Llegó temprano a casa. La gente estaba casi en total cuarentena y después de los básicos, pocos servicios mantenían su vitalidad. Su esposa lo esperaba, pero no temprano. Habían peleado la tarde anterior por los celos que Eduardo cocinaba sin una sazón real. Elena sabía que tras cada pelea los horarios habituales de Eduardo para llegar a casa se estiraban al máximo y después varios días de lento recogimiento volvían a su punto inicial.
Al pasar el umbral de la sala, Eduardo sintió una sensación que lo inquietó. El sabor de la curiosidad se le reveló en la boca. En el suelo de la entrada del cuarto reposaba alborotada la ropa interior de su mujer. Dio medio paso y en el acto optó por retroceder sigilosamente. En su furia confundió el sentido de las cosas y los colores. El amasijo rojo y negro de la blusa se le representó similar al ajuar de encajes de esos colores, que Elena reservaba para ocasiones de especial motivación que disponían de placeres desenfrenados.
Abrió el garaje con esmero. Alejado de toda intención de hacer ruido. En la caja de los utensilios en desuso tomó la hoja de un cuchillo recuperado de un machete viejo. Lo entizó con dedicación con su mejor cinta adhesiva. Disfrutó de su peso en la mano. Se sintió fortalecido. “Mataré al desgraciado ese, después de todo está en mi territorio disfrutando a gusto de lo que me pertenece”, pensó.
Dejó los zapatos y el nasobuco sobre un butacón y en puntillas de pie se enrumbó al cuarto. “Puta de mierda”, repitió para sus adentros. La sed de sangre revoloteaba en su paladar. Imaginó varias formas de matar, de matarlo, de matarlos. El ejemplo de los corderos era una buena opción. Cortaría sus gargantas. “No, demasiada sangre para limpiar después”. Mejor amarrar al hijueputa y cortarle el pene en la bañera. Disfrutaría ver el desangramiento. El miembro lo echaría por el descargue del inodoro. ¿Y Elena? ¿La muerte sería el castigo por traicionarme? ¿Debería picarle la cara al estilo de convictos repudiables o darle las dos buenas bofetadas que jamás le di? Se le alteraron las venas de los ojos. Los ojos que él mismo no podía ver. “Ya veré que hago con esa zorra”, concluyó.

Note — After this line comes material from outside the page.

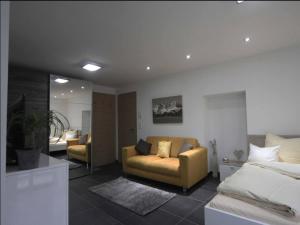 een slaapkamer met een bed en een bank en een woonkamer bij Alpine Escape in Hopfgarten in Hopfgarten im Brixental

Sintió alivio a la entrada de la habitación. Su esposa dormía confiada en la penumbra. Sin más compañía que el deseo de estar con su esposo cuando este llegase a casa. Mientras la observaba con los ojos hinchados el corazón le latía en la garganta. Dejó caer el cuchillo y se sorprendió del singular contraste que logró el arma casi homicida sobre las bolas rojas de la blusa.